A single phase polycrystalline La0.5Ba0.5CoO3-d sample possessing cubic structure (space group Pm3̄m) was synthesized by microwave irradiation within 20 minutes of processing time and its structural, magnetic, electrical, and magnetostrictive properties were investigated. While the temperature dependence of field-cooled magnetization (M) in a field of H = 0.5 kOe indicates the onset of ferromagnetic transition at TC = 177 K, irreversibility between the zero field-cooled and field cooled M(T) persists even at H = 3 kOe. M(H) at 10 K does not saturate at the maximum available field and has a much smaller value (0.83 μB/Co in a field of 50 kOe) than 1.9 μB/Co expected for spin only contribution from intermediate Co3+ and Co4+ spins. Resistivity shows insulating behavior down to 10 K and only a small magnetoresistance (∼ -2% for H = 70 kOe) occurs around TC. All these results suggest a magnetically heterogeneous ground state with weakly interacting ferromagnetic clusters coexisting with a non-ferromagnetic phase. The length of the sample expands in the direction of the applied magnetic field (positive magnetostriction) and does not show saturation even at 50 kOe.
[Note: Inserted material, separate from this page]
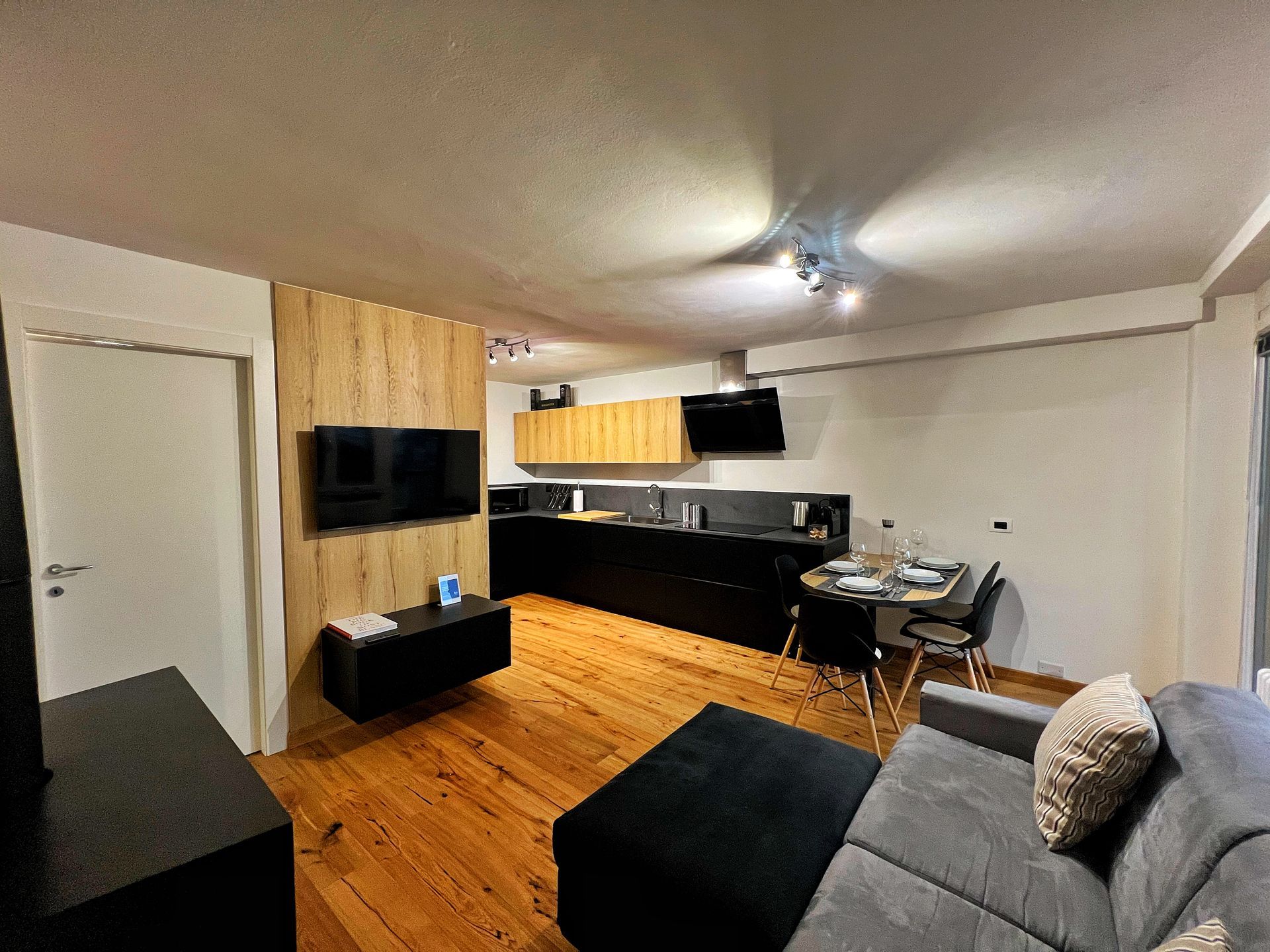 Un soggiorno con divano e tv a schermo piatto.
The magnetostriction has a maximum value (λpar = 265 x 10-6) at 10 K and it decreases with increasing temperature. The smaller value of λpar compared to the available data on La0.5Sr0.5CoO3 (λpar = 900 x 10-6) suggests that the non-ferromagnetic matrix is most likely antiferromagnetic and it restrains the field-induced expansion of ferromagnetic clusters in the microwave synthesized La0.5Ba0.5CoO3-d sample.